As per the central bank data, the total outstanding loans of the company stood at Tk 4,022 crore in March this year, and Tk 2,999 crore (74.56 per cent) of that became default. The number of defaulters stood at 154 in December 2020.

Nazrul told The Business Post company officials were facing various difficulties in recovering loans from defaulters. 

“It was the worst experience when a borrower filed a lawsuit against us as we tried to recover loans from him,” he explained.

He said the company was operating with the profit of its two subsidiaries – International Leasing Securities Limited and IL Capital Limited – as the latter had already recovered from the shock.

Syed Abu Naser Bakhtear Ahmed, former managing director and CEO of Agrani Bank, is one of the independent directors of ILFSL appointed by the High Court on July 6 this year.

He told The Business Post the new board was emphasising recovery from defaulters and paying back depositors to restore their confidence.

“We are trying our best to recover default loans but the expected results have not been achieved,” he pointed out.

The NBFI had planned to start afresh after restoring depositors’ confidence, he added.

Dissatisfaction among ILFSL officials

The company has 83 permanent officials and 11 contractual ones.
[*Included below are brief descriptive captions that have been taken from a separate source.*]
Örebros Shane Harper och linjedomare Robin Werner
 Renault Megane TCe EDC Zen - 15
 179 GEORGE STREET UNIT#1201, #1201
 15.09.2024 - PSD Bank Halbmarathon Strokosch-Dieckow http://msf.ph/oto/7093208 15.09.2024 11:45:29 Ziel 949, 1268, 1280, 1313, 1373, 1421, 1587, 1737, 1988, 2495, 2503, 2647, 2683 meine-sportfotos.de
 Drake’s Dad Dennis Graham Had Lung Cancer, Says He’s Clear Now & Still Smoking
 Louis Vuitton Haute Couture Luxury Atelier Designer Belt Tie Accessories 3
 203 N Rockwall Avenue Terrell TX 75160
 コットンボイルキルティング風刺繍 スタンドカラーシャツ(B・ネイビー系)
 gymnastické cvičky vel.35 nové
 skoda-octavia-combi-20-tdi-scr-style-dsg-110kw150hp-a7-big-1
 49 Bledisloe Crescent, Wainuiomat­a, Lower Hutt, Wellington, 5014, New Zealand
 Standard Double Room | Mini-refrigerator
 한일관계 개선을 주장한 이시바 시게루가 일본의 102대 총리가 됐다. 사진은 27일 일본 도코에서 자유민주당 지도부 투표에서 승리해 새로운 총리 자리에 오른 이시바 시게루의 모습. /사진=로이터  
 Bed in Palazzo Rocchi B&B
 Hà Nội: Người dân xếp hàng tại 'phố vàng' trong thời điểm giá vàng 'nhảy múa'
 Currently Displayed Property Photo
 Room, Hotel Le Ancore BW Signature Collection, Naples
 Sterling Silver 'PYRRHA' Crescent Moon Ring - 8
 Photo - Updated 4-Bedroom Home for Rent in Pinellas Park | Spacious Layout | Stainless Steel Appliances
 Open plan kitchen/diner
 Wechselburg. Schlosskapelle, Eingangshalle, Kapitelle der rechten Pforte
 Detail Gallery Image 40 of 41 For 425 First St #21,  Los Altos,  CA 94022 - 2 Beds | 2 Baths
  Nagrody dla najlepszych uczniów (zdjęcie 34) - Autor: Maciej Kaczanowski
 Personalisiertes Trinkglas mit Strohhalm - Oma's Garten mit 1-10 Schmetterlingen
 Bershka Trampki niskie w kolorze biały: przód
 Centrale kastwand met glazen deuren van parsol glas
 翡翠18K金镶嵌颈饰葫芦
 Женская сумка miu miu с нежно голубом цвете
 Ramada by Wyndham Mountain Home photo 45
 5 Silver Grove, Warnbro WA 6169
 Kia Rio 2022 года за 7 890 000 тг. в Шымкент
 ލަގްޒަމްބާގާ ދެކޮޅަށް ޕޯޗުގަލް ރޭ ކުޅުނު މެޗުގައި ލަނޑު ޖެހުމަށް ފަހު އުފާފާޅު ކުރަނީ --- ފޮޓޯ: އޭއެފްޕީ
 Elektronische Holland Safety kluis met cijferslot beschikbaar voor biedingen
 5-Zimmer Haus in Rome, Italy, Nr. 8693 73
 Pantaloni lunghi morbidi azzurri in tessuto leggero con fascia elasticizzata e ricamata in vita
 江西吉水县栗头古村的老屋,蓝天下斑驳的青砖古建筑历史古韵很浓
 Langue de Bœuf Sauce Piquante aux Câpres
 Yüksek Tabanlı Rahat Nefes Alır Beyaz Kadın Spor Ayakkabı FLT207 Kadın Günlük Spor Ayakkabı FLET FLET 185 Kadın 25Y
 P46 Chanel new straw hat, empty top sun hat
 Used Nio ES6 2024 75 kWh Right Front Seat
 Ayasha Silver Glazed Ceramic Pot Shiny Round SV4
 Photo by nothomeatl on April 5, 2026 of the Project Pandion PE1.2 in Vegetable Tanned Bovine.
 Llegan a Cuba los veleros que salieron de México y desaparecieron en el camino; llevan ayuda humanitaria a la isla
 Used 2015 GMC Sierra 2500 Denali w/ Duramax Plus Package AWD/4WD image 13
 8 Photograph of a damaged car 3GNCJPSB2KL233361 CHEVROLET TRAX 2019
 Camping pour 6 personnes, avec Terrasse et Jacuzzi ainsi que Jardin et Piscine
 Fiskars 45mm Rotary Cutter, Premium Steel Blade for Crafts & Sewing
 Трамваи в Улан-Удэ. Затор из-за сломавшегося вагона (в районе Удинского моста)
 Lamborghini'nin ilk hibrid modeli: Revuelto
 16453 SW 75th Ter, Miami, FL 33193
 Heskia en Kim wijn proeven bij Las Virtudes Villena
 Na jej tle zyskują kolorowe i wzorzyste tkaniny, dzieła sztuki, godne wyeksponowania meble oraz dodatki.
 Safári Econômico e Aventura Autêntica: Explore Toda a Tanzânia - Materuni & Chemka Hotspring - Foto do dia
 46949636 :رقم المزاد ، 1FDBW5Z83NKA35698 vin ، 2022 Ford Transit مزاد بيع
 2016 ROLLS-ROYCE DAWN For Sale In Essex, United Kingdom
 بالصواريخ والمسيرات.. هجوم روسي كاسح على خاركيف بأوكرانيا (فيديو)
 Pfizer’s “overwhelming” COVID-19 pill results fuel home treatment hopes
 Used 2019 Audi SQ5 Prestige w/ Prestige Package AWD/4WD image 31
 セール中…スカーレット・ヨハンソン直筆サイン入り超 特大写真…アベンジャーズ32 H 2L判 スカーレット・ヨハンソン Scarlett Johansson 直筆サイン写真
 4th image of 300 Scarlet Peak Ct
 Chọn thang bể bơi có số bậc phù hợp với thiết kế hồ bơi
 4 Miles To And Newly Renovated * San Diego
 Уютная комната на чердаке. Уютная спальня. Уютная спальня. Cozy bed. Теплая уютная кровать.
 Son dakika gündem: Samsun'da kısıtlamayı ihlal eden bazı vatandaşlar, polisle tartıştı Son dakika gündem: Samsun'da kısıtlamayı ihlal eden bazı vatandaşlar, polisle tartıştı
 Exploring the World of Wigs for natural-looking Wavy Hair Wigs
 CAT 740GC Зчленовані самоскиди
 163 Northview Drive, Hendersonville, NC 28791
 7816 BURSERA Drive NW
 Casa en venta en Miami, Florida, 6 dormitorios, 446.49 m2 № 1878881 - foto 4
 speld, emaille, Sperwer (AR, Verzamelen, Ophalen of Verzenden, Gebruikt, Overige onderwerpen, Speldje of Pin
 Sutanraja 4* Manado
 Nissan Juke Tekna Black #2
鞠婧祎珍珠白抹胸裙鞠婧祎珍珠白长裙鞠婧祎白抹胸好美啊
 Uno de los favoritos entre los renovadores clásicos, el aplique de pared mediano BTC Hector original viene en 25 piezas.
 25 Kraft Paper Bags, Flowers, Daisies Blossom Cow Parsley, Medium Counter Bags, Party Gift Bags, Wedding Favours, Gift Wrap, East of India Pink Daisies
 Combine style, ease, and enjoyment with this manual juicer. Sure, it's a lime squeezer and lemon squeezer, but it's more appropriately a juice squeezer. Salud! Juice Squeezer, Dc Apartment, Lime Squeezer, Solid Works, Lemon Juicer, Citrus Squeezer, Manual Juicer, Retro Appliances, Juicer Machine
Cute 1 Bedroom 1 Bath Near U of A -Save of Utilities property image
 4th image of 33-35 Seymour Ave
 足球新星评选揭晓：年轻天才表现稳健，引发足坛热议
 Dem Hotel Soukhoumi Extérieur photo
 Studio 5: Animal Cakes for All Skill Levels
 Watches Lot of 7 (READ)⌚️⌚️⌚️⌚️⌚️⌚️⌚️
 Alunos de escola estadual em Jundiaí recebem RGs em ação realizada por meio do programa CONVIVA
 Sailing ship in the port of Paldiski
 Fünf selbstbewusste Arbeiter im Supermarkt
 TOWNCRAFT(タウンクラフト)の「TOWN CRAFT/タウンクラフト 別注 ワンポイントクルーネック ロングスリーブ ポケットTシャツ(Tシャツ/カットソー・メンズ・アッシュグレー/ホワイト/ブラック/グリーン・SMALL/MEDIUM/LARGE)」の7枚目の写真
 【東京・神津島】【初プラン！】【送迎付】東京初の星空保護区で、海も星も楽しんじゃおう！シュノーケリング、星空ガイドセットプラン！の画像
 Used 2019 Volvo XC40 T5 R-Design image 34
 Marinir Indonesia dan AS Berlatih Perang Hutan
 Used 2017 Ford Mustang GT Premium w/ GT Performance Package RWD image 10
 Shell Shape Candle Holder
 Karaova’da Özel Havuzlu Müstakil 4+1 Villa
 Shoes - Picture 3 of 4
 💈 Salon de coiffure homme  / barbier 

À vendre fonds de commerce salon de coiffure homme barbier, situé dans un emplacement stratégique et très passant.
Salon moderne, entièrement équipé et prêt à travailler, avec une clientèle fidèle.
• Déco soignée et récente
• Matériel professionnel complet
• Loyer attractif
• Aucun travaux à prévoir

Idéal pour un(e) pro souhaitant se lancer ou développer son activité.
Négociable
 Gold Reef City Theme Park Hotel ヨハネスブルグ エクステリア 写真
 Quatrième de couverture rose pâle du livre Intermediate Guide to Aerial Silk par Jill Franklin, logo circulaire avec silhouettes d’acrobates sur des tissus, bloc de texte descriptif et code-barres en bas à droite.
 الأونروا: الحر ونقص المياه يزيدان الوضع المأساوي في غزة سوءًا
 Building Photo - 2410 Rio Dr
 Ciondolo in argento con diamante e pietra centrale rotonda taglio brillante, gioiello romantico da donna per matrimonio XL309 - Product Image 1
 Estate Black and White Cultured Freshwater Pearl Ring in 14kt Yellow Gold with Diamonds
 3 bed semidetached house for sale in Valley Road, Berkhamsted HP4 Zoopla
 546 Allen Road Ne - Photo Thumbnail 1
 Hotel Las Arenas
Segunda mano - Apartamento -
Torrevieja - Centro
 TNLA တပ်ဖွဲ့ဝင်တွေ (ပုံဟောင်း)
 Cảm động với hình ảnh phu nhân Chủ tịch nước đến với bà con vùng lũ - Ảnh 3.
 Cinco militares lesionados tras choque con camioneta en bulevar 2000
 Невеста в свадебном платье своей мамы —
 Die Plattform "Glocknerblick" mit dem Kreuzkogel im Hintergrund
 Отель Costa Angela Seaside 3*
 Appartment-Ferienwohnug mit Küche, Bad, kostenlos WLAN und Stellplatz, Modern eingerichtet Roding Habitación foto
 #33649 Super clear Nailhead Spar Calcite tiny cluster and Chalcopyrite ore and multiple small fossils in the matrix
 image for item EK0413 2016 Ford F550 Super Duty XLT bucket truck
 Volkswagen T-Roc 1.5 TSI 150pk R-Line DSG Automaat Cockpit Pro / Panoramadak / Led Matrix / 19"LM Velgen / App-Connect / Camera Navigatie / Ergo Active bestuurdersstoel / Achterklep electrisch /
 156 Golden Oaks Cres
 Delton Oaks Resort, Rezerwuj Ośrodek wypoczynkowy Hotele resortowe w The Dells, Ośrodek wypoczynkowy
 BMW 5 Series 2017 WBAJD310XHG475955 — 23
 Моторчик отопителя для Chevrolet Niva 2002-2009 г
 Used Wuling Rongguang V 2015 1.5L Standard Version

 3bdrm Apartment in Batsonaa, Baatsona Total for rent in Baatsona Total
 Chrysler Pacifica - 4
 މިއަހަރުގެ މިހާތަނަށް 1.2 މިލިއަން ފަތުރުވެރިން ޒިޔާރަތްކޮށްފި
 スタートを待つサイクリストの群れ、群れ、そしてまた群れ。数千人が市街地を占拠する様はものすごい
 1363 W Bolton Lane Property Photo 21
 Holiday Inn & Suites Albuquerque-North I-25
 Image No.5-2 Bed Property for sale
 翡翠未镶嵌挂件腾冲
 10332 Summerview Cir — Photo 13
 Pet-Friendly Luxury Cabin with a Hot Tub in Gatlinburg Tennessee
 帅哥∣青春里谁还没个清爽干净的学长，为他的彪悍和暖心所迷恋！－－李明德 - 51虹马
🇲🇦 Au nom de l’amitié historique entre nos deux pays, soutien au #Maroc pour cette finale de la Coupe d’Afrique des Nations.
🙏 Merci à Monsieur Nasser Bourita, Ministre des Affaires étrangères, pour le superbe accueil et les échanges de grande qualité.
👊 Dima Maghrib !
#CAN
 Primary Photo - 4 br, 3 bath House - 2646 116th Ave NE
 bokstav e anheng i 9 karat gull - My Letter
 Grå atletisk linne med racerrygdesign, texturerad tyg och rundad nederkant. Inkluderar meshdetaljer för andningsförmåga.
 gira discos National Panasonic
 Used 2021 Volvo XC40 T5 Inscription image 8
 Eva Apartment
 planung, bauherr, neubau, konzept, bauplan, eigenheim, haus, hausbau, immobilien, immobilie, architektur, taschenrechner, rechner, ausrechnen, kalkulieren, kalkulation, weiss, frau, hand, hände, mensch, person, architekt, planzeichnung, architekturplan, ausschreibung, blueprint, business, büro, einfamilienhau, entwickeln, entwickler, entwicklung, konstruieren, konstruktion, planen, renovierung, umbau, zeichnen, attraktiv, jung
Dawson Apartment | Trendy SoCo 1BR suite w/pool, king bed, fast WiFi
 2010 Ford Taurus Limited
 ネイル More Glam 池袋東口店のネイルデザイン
It has four branches, including the head office in the capital’s Purana Paltan. The three other branches are in Chattogram, Uttara, and Sylhet.

The scam-hit NBFI has already shut its Dhanmondi branch due to the financial crisis.

A number of officials of the company have expressed dissatisfaction with their jobs as they are not getting any financial benefits, except for salaries. Even salary payments are often delayed.

Besides, the employees are unable to change their jobs due to the bad image of ILFSL.

An official of the company, who has been working there for at least seven years, told The Business Post he had tried to switch his job but failed as ILFSL is riddled with huge irregularities and scams. 

What happened at ILFSL?

In 1996, ILFSL registered as a public limited company and was licenced by the Bangladesh Bank as an NBFI on February 19 that year.

It was doing well till 2015, but its condition started worsening since then, according to its financial statement.

The company’s net profit was Tk 12.25 crore in 2015 and Tk 11.42 crore the following year. But in 2019, it went into the red.

By the end of that year, its loss stood at Tk 41.42 crore.

Embezzlements by directors and shareholders, violations of company rules, massive irregularities in approving loans, and a lack of internal control and compliance have turned ILFSL into an ailing NBFI, as per officials of the central bank.

A Bangladesh Bank special investigation found that Tk 1,596.14 crore was transferred from ILFSL between 2015 and 2019 as loans. This was done violating the company rules and regulations through 48 accounts of various companies where a number of the NBFI’s directors and shareholders had stakes.

Fraudulent businessman Proshanta Kumar Halder, who controlled the company’s majority shares after buying those under the names of different individuals, including his family members, was directly involved in the embezzlements, according to the central bank probe report.

On January 22 last year, after hearing a writ petition, the High Court removed MA Hashem as the ILFSL chairman and replaced him with former Bangladesh Bank deputy governor Khondkar Ibrahim Khaled in an effort to revive the NBFI.

But Khaled resigned after a little over one month. The High Court then appointed Nazrul.